TRIPULANTES DESTA MESMA NAVE

sexta-feira, 18 de janeiro de 2019

AS CIDADES VIVIDAS – NOVO EXU

As cidades são corpos com vida. Isso quer dizer que se deslocam, são seres de tempo, possuem sentimentos, guardam relações de afetividade e estranhamentos, além de possuir uma inteligência que compreende as suas coordenadas no universo das relações das coisas em geral

Quando o viajante se aproxima de Novo Exu pelos lados da Chapada do Araripe ou flui contracorrente pelo riacho da Brígida, naquelas jornadas transcendentais pelos afluentes do grande Rio dos Cariris, duas visões ele tem.

Quando no alto da Serra divisa todo o infinito pernambucano até a vista se encabular por tanto espaço, que se dobra na curvatura do planeta, o viajante é tomado pelos espíritos dos Buxixés que dominavam a cordilheira do Araripe. Há uma sensação de vida e morte, uma dualidade de espinho e flor, um que fura e outro que perfuma.

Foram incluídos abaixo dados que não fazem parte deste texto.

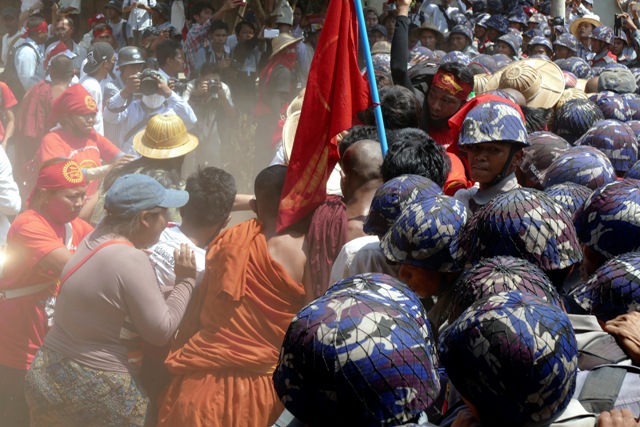 Myanmar police charge at student protesters with batons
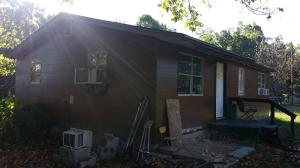 Fixer Opportunity! 2 bedroom, 1 bath home on 2.73 acres located on pavement just a couple miles from city limits. This could be a great deal if you want one to fix up and make your own!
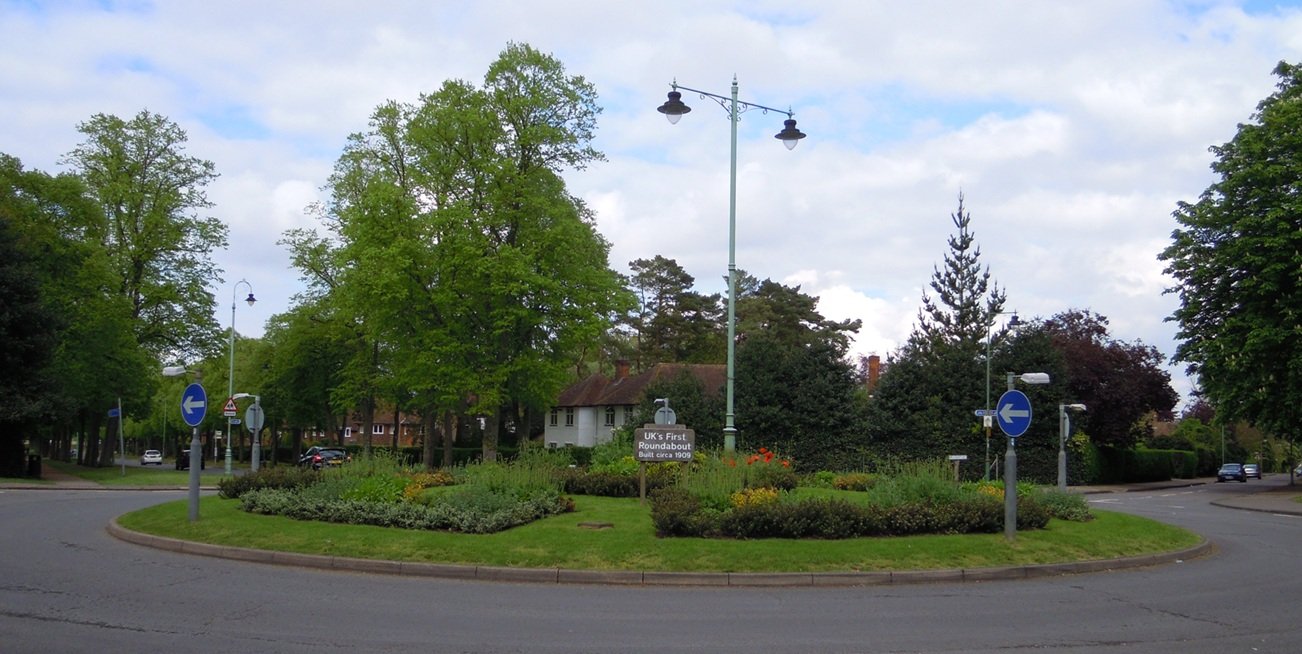 photograph of a small early 20th-century circular road junction with a central island, a few period cars, and low buildings in the background.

Se pelas trilhas dos rios e riachos, vindos desde as barrancas e ilhas do São Francisco, tem o viajante o espírito desbravador dos desconhecidos, o abrasador sentimento de a tudo sobrepor, em alma e corpo, em catecismos e nas grafotecnias que atormentam a mensagem de futuro. Aquele futuro que pula o tempo, que esgarça a grande narrativa dos povos e cai no buraco do fatiamento da terra em glebas, que produzem para as ondas navegantes dos oceanos.   

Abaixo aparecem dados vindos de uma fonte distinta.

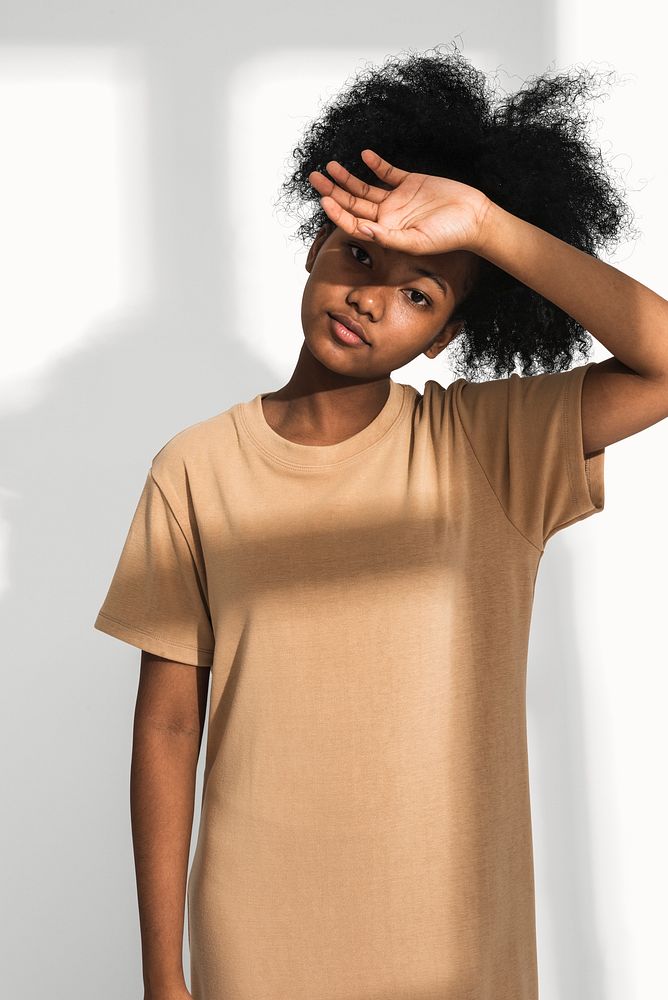 African American woman in brown t-shirt dress for apparel shoot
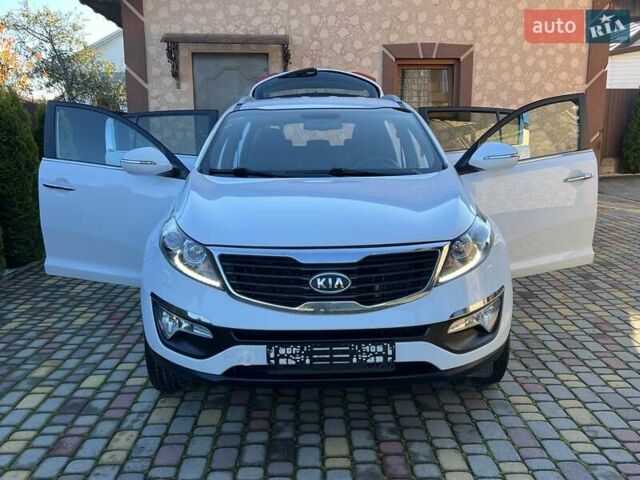 Білий Кіа Sportage, об'ємом двигуна 2 л та пробігом 223 тис. км за 14950 $, фото 69 на Automoto.ua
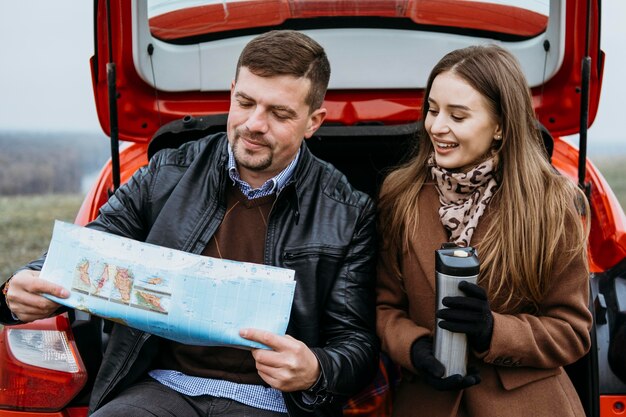 Couple vérifiant une carte dans le coffre de la voiture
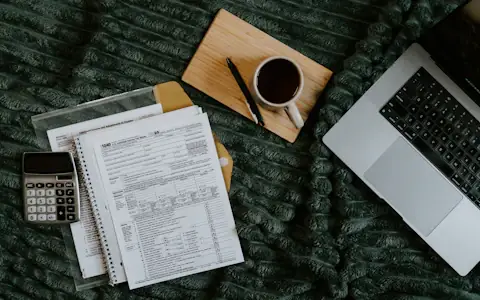 Laptop, household bills, calculator and coffee spread out for monthly budgeting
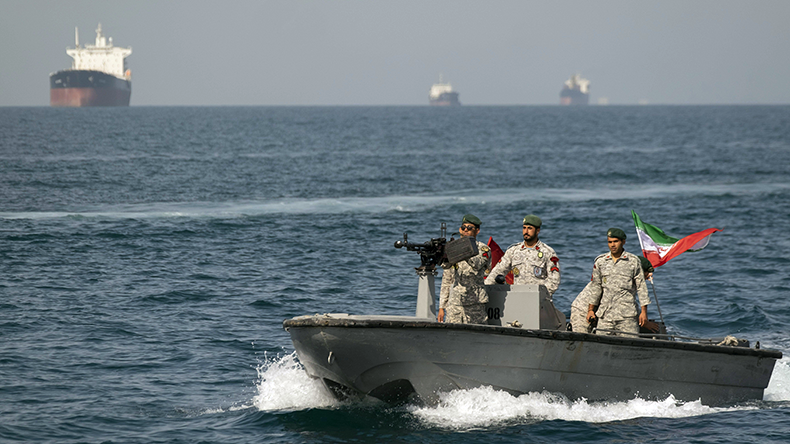 Iranian Navy in an armed speedboat in Middle East Gulf near the Strait of Hormuz
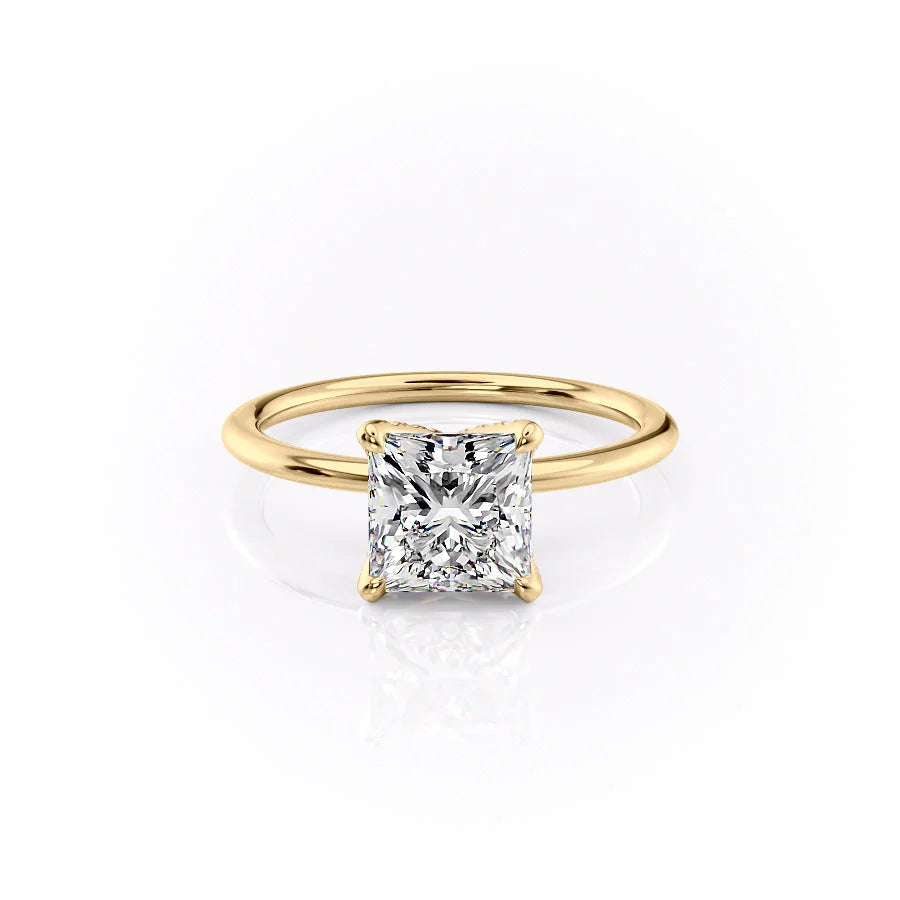 The Petal Kamellie. A Yellow Gold Solitaire, Nature Engagement Ring Set With A 2ct Princess Lab Grown Diamond. White Background.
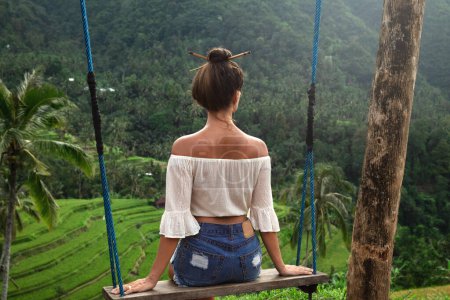 Young woman on rope swings with beautiful view on rice terraces in the Bali.
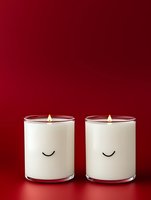 Two white minimalist candles with cute sleeping faces and warm flames on deep red background for cozy home decor and relaxation atmosphere.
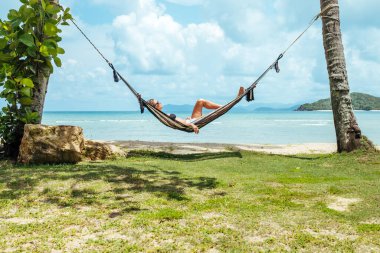 Siyah bikinili mutlu kadın hamakta dinleniyor.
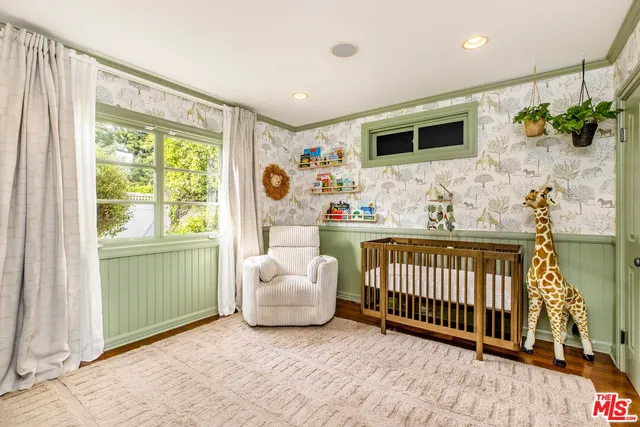 a bedroom with furniture and a window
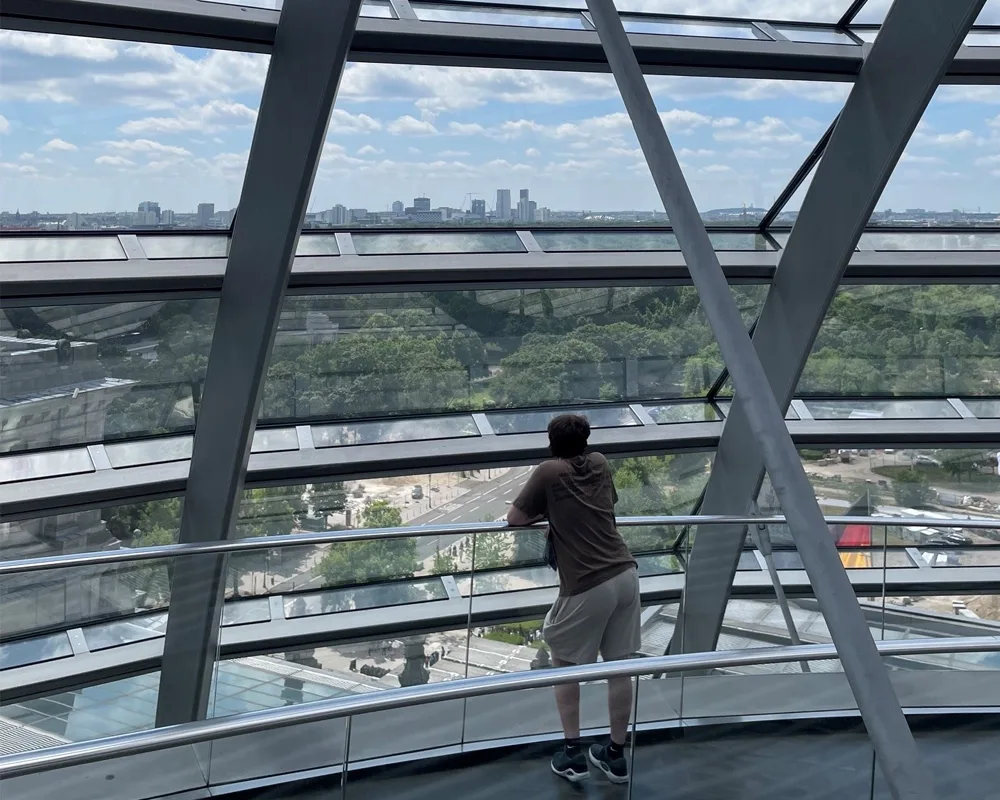 one person looking out at a view of Berlin.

Novo Exu tem o sentimento síntese de todas as lutas da divisão da terra, das propriedades das boiadas e do salto qualitativo das relações destas coisas, com a transformação disso tudo em poder político, disputa, morte e vingança. Foi necessário que um cantor das flores dos sertões se aproximasse das miras das armas para dizer: agora é outro tempo, nada mais a mover a morte, nada há para a próxima camisa ensanguentada.

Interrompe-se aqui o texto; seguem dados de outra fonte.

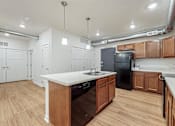 Thumbnail 30 of 35 - A kitchen with wooden cabinets and a black refrigerator at Melbourne Apartments, Des Moines, IA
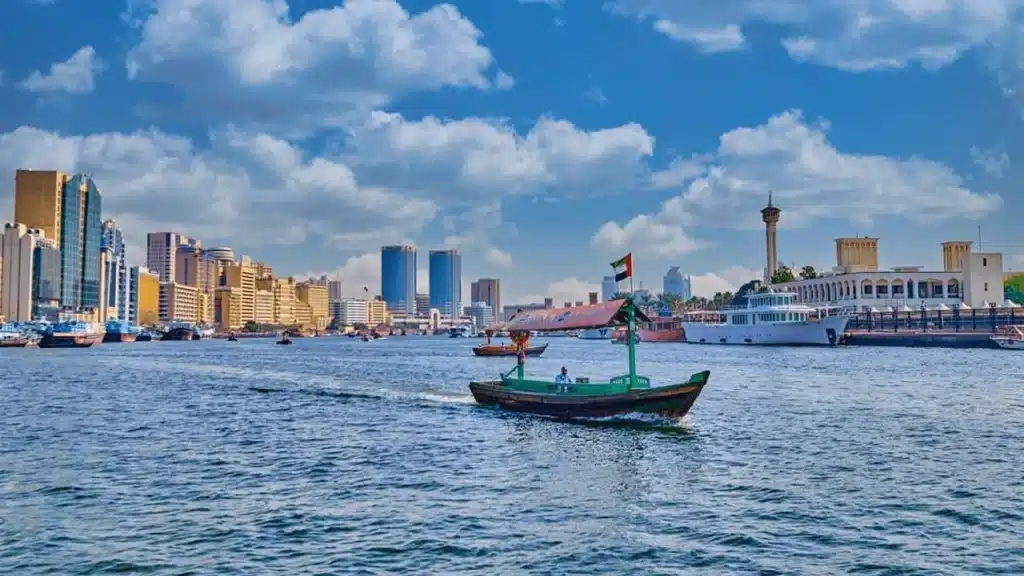 Boat crossing Bur Dubai with a city skyline, tall buildings, and a blue sky with clouds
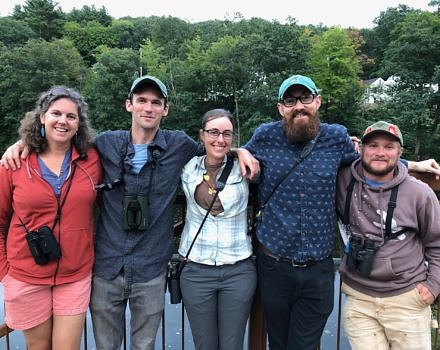 Five former Pack Monadnock raptor biologists (from left to right: Julie Brown, Henry Walters, Katrina Fenton, Chad Witko, and Levi Burford) gather for hawk watching and camaraderie in 2019. (photo © Phil Brown)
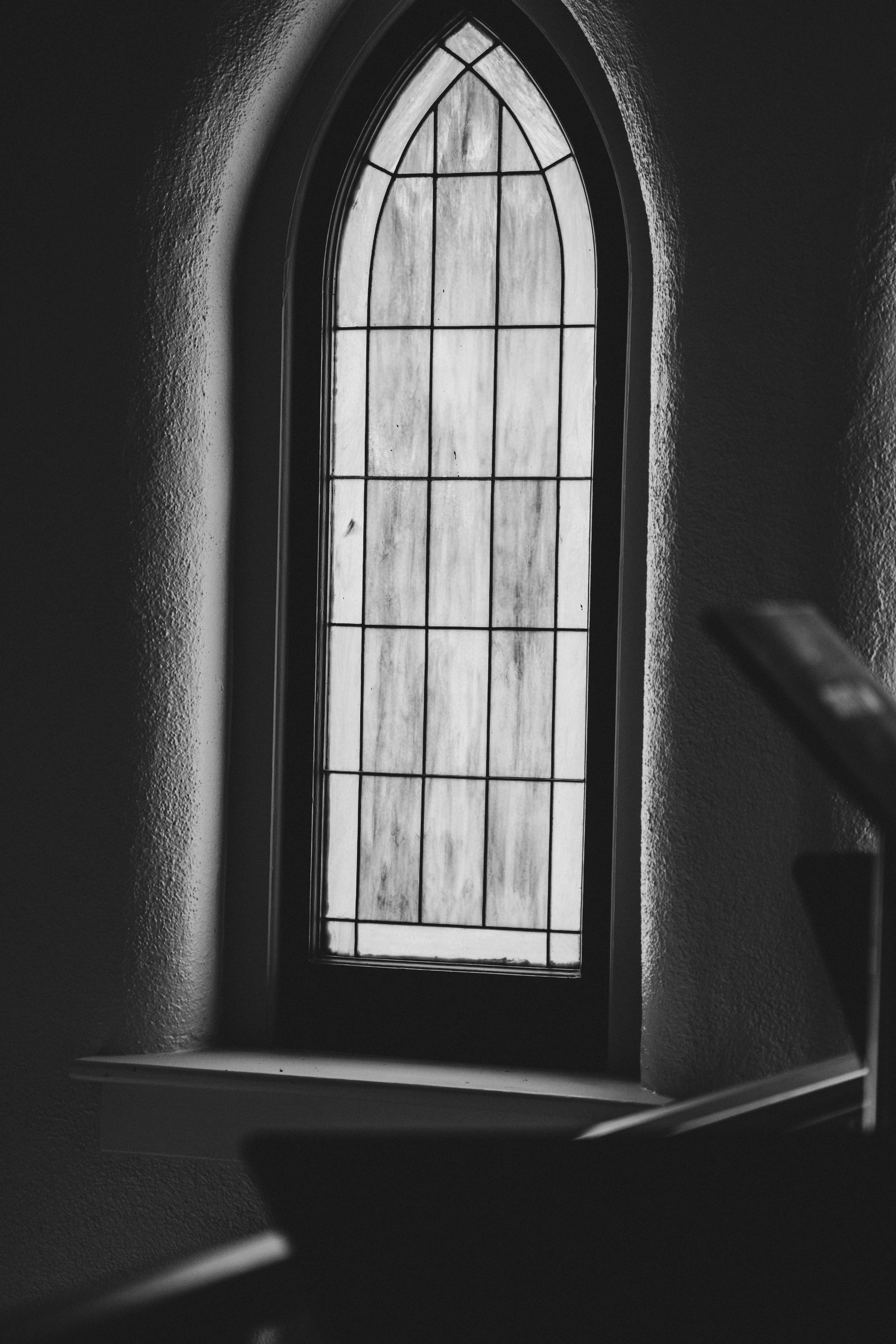 Arched stained glass window in a dimly lit room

Como todos os seres vivos ela fez escolhas para marcar sua identidade. O Crato é como um burgo medieval, necessita-se dele, mas além de educar os filhos, colocar os excedentes da produção e se abastecer, a mais nada serve como plural. Ainda hoje, o viajante atento, poderá ouvir o ranger de madeira dos velhos “mistos” que saiam da feira do Crato às 13 horas, desembarcava nas ruas de Nova Exu, assim como em Bodocó e se acalmava, nas horas primeiras da noite, em frente a uma pensão em Ouricuri.
Traduza toda a inteligência de Nova Exu no filão da Asa Branca, no rosto de lua de seu Luiz, no banco de conversa no mercado, com o olhar de adivinhação para o talude belíssimo da Chapada do Araripe. Nova Exu surpreende por ser Exu quando é Inxu, por não ser África, nem América, tampouco Europa.

Nova Exu não são seus fonemas. Em verdade é outra névoa a despertar a atenção do viajante. Não é uma esfinge, mas um índio que corre na cordilheira ou que desce com as águas até o grande rio.